■ Goal of the exercise ■
Below is a listing. Return the lines from the one that contains "SNAKKO FIIT - PRONUTRITION" to the one that contains "Wolbrantskerkweg 113 Amsterdam thumbnail 47", both ends included, verbatim and with no pictures.

■ Extracted records ■
########
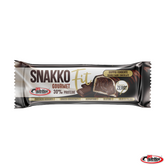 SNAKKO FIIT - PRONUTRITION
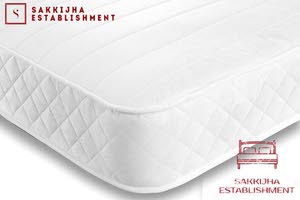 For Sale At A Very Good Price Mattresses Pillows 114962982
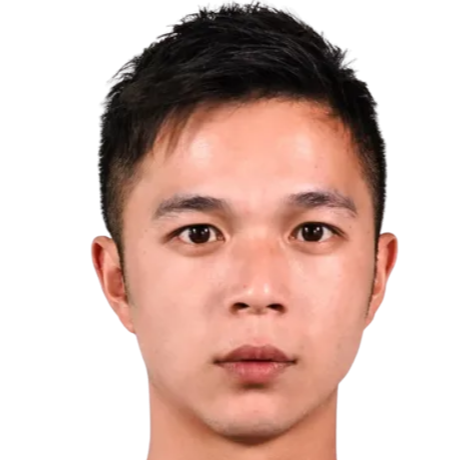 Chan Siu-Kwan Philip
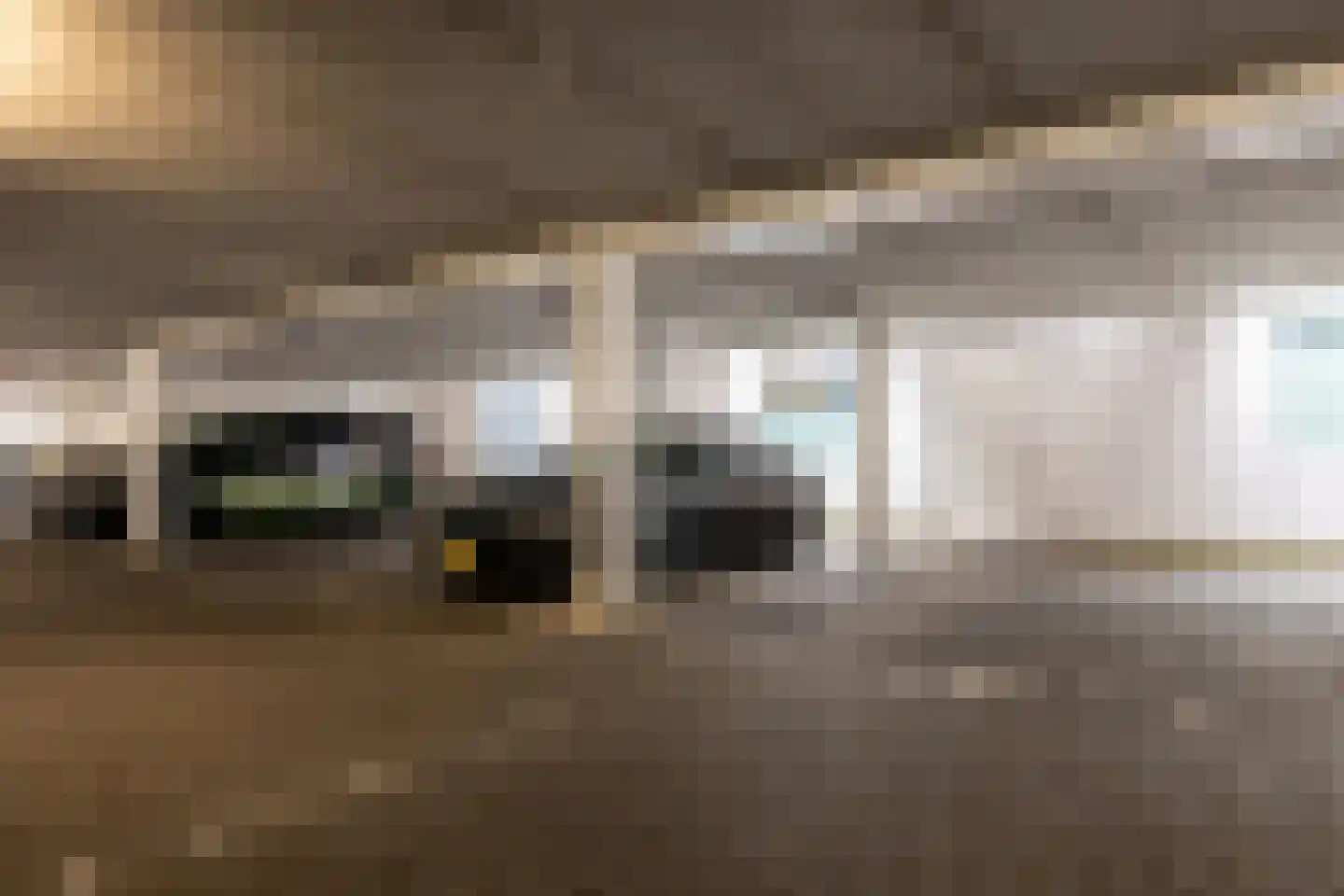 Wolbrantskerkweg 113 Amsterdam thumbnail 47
########
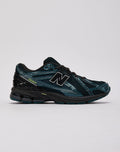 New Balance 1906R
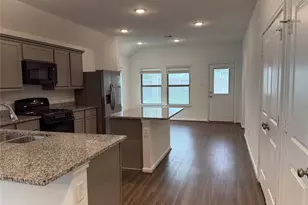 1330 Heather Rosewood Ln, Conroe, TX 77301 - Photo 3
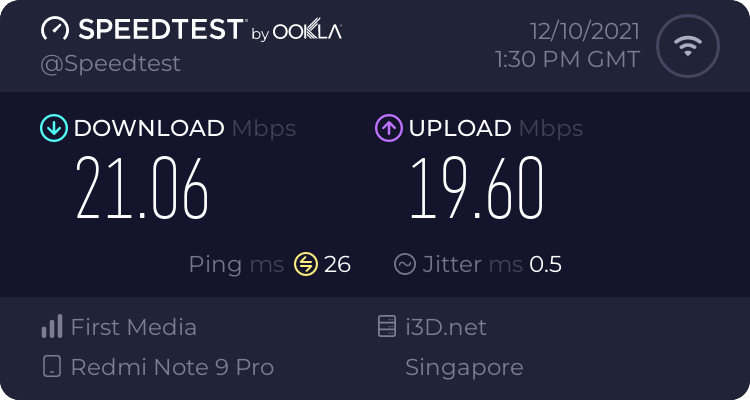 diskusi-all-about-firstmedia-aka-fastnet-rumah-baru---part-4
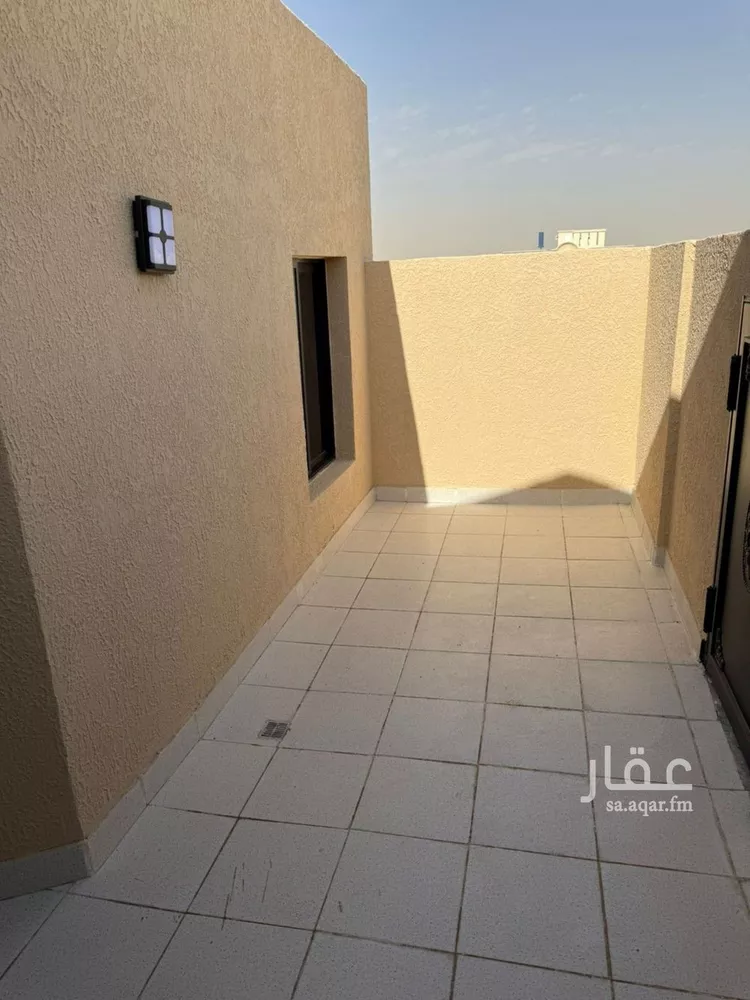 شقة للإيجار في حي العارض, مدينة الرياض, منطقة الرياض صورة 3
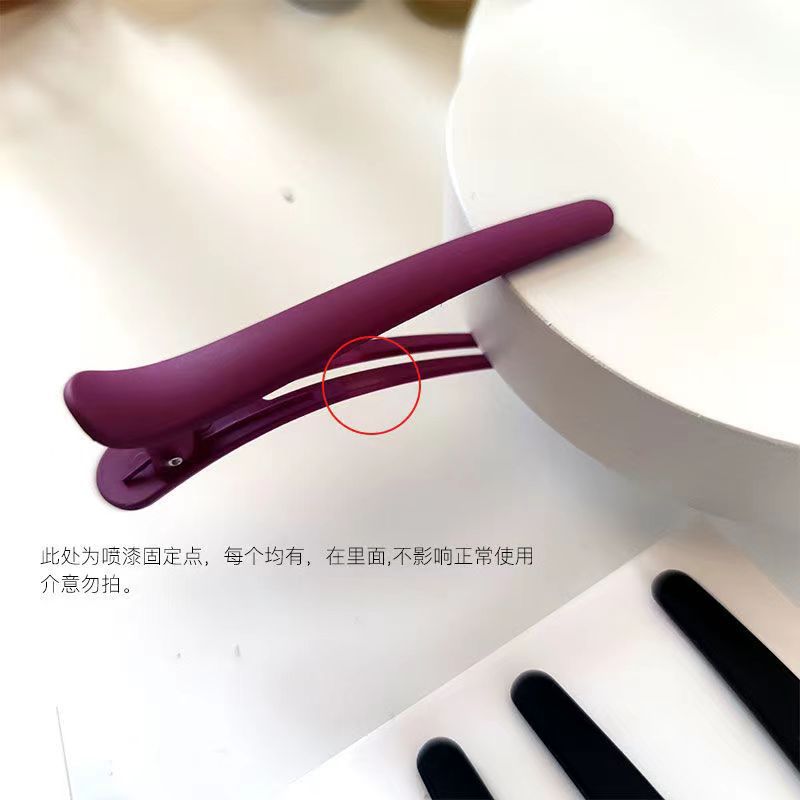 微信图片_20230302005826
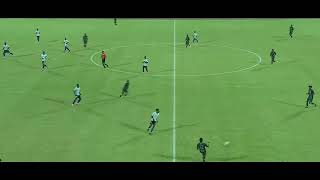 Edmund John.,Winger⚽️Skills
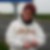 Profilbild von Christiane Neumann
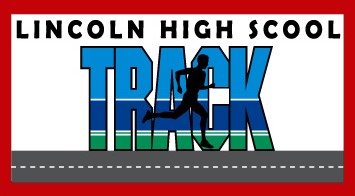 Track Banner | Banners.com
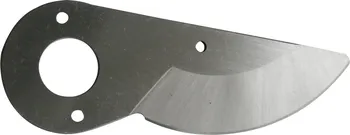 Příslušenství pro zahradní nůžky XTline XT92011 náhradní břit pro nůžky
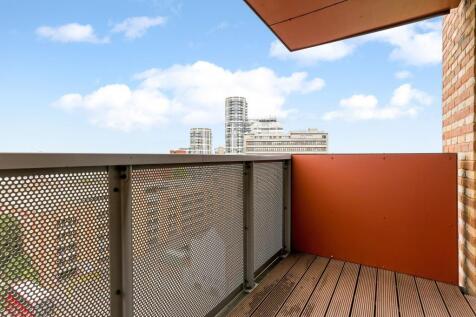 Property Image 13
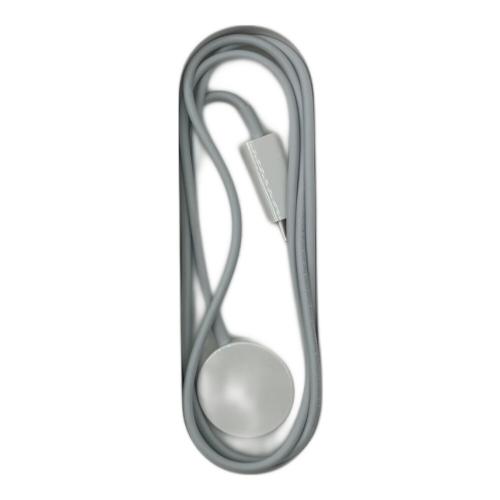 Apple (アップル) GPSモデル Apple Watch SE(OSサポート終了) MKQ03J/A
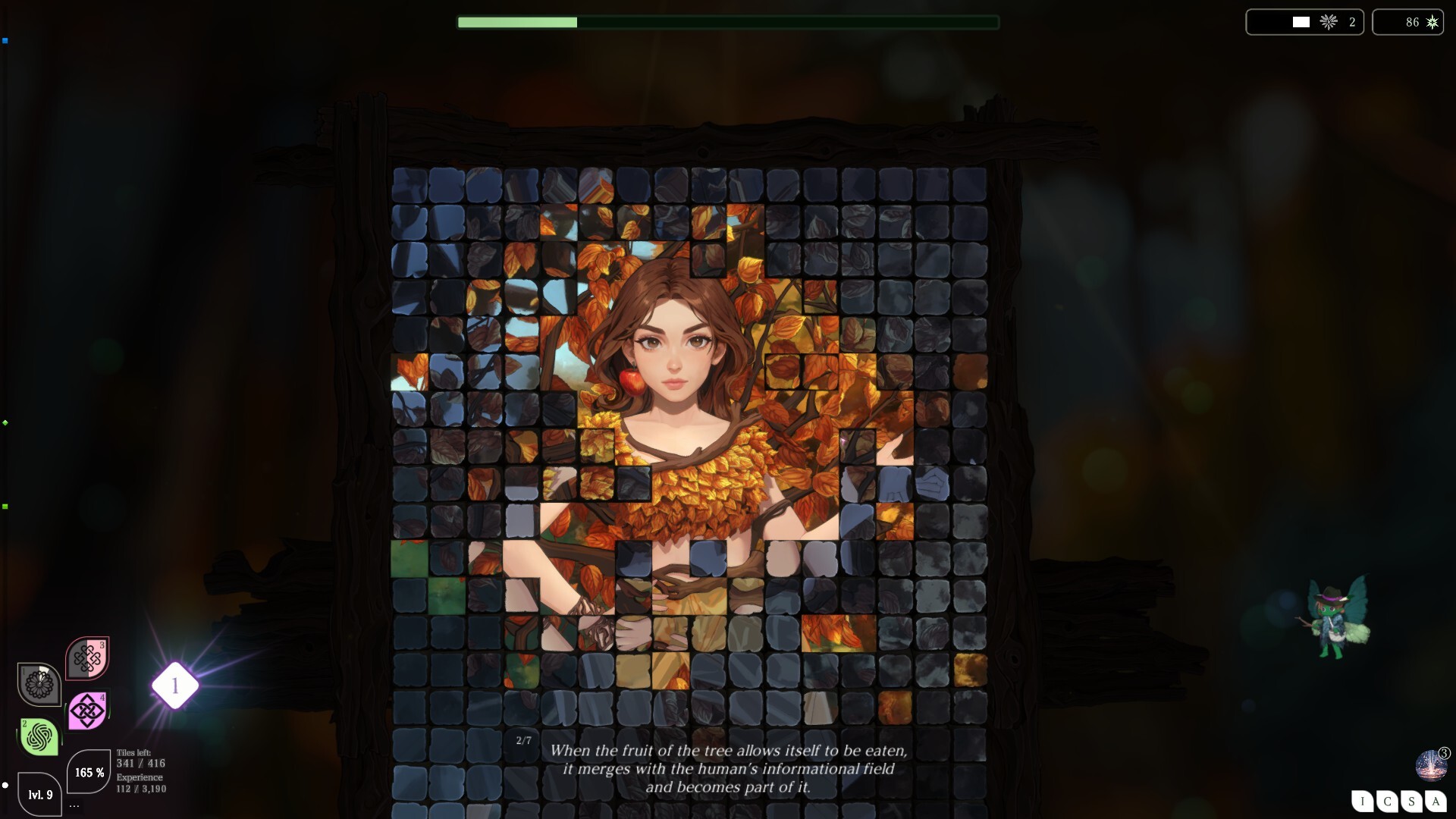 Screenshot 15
########
■ Final answer ■
 SNAKKO FIIT - PRONUTRITION
 For Sale At A Very Good Price Mattresses Pillows 114962982
 Chan Siu-Kwan Philip
 Wolbrantskerkweg 113 Amsterdam thumbnail 47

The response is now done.